In this mix of working, socialising, and creating a foundation for myself in a new paradigm I met Peter Tulloch and Sally Gray, both from Wellington, New Zealand. Sally would come and work with me for Suzanne for almost a year, and I would occasionally work with Pete building. So it was for me in 1999/2000, I became homeless yet again when my housemates moved back to Australia, and my hand was forced again to look for accommodation. It was the generosity of Pete and Sally to allow me to sleep on a couch in their apartment for months that allowed me to stay in Kitsilano, and keep up appearances, just up the road in the downstairs flat on Wst10/Macdonald most nights for deep conversation, drug and booze induced hedonism and eventually an ‘in’ into the house where I spent most of my spare time. I felt completely ungrounded for almost a year in Vancouver. I flittered from space to space, never having a room until one of my housemates moved out, and moved back to Australia, giving me her room in mid-2000. I felt often ‘unwelcome’ in the various locations I stayed at. There was always someone that didn’t want me there living with them. It was never about me, but there was an uneasiness, even when we appeared to get beyond this aspect that stayed with me, a sense of discomfort that lingered from my childhood trauma. Somewhere during this rigmarole, I met Melanie Majarech.

Several women have been in my life that changed me for the better. These women were catalysts for the best and worst I could be in the moments I was with them. Triggering in me my deepest wounds, and greatest attributes of the man I was then. It’s a cliche, but had I known what I know now, and been the man I am now when I was with Melanie, then I would have been so fearless, so relentless in my quest to acknowledge just how wondrous she was. I’ve not known a woman with a bigger heart, whose spirit elevated all who she met, and whose beauty was unparalleled, timeless, and pervasive. Before coming to Vancouver, I had lived my life with a sense of bravado that was unashamedly egotistical. I had an air about me with women that were cheeky, playful, and often strikingly forward. I would come onto women without fear of rejection, it didn’t trouble me, and rejection was rare when I read a situation correctly, perceiving mutual interest. One night I had left home to go to the local service station to grab a bar of chocolate and after purchasing it was walking out when Melanie walked in as I walked out. I was stunned. Tall, dark, exotic, athletic, with eyes that radiated an innocence, but also a deep recognition of what it is to be alive, she could have easily come from an age long since lost to the modern age. We smiled at each other and I quickly looked around for something to give to her. An acknowledgment of my adoration, without the tainting of ego. There was a flower bed close to the street and I picked a flower and ran back into the service station and gave it to her, my heart stammering in my chest. To which she said, ‘What? no phone number?’ 
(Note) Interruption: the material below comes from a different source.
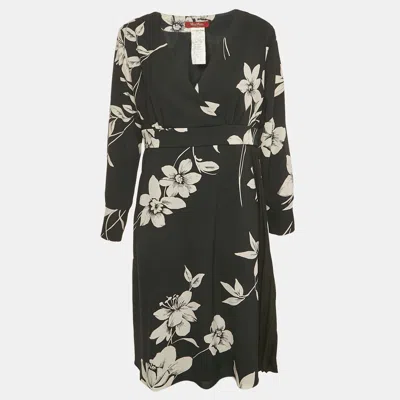 Pre-owned Max Mara Black Floral Print Crepe Pleat Detailed Short Dress L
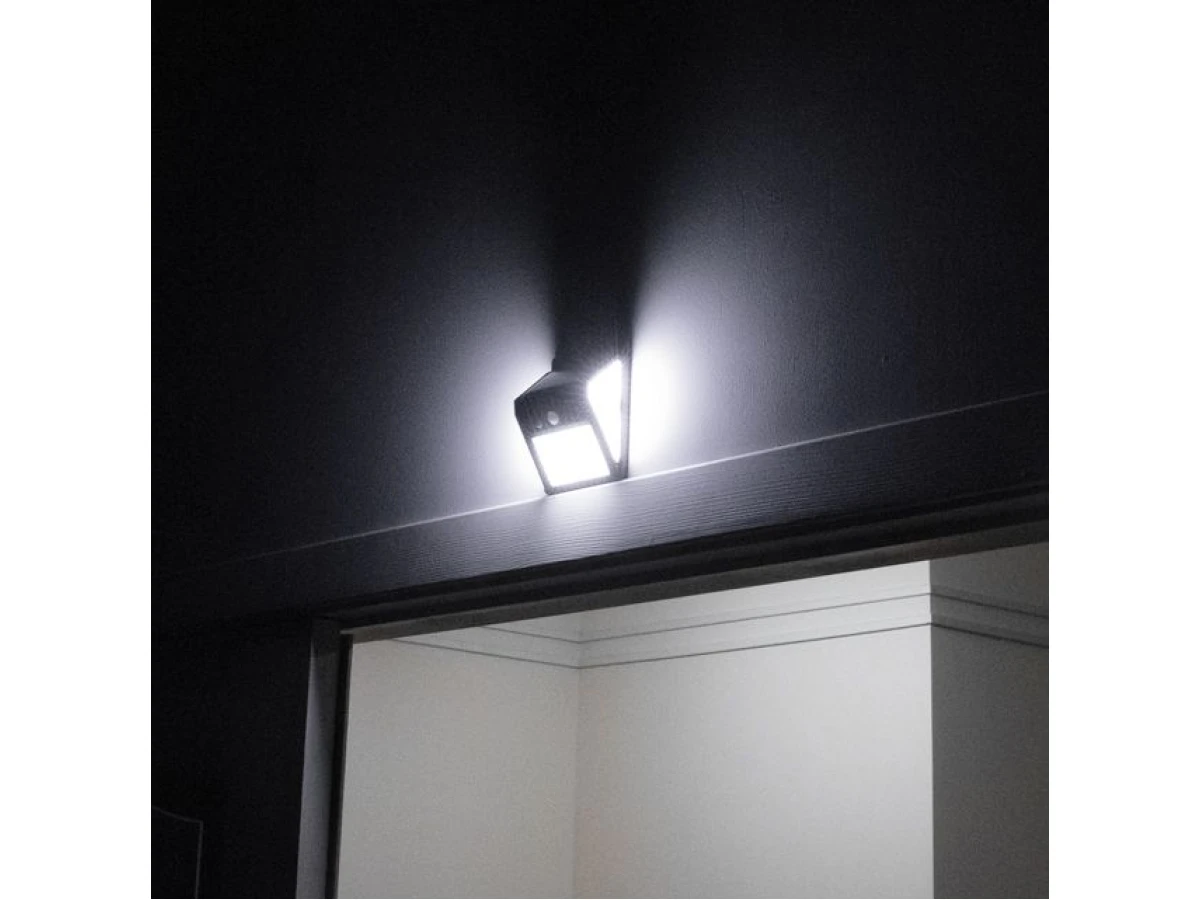 Світильник акумуляторний настінний 144SMD, вуличний, сонячна панель, датчик руху INTERTOOL LB-0114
I lived in fear for most of my life when it came to relationships. My childhood parental bonding was a nightmare that I would not want anyone to experience. My father’s Jekyll and Hyde alcoholic behaviour destroyed all trust in all relationships. I approached all connections with caution, my resonance projected ‘victim’ from childhood and so I was bullied, beaten, and ostracised constantly by those who I wanted to be close to. It would take monumental shifts in consciousness (as a child) to create sound friendships, but those often came at a price. I was bullied all through school (my tormentors became my closest allies after they realised my plight at home during my earliest school years) and was bullied as I attempted to ‘fit in’ in my secondary schooling (first year), but I also turned that around, my tormentors becoming my closest allies. However, to me intimate relationships were terrifying. I would sabotage connections with women by any means as they got closer to me, their authenticity was overwhelming to me, too real. I didn’t have the tools to make good on their gifts of themselves, their vulnerabilities, and their honesty. So it was with Melanie. The hydra of fear rose its head, and through a callous and dreadful series of events, I killed the germinating seed inside of me that was my ‘happily moving forward.’ There was no fairy tale here, just an ugly and despondent acceptance that I was unable to be the man she needed me to be. This would be the first tragedy of my time in Vancouver. Its repercussions sent me into drug addiction and subjugation of the pain that I had run away from in 1997 when I left the country of my birth. It also opened the door for an endless stream of beautiful women who I gave myself to intimately but with hard boundaries around my depth of emotional connection. Some would test that, and trauma bonding became known to me for the first time.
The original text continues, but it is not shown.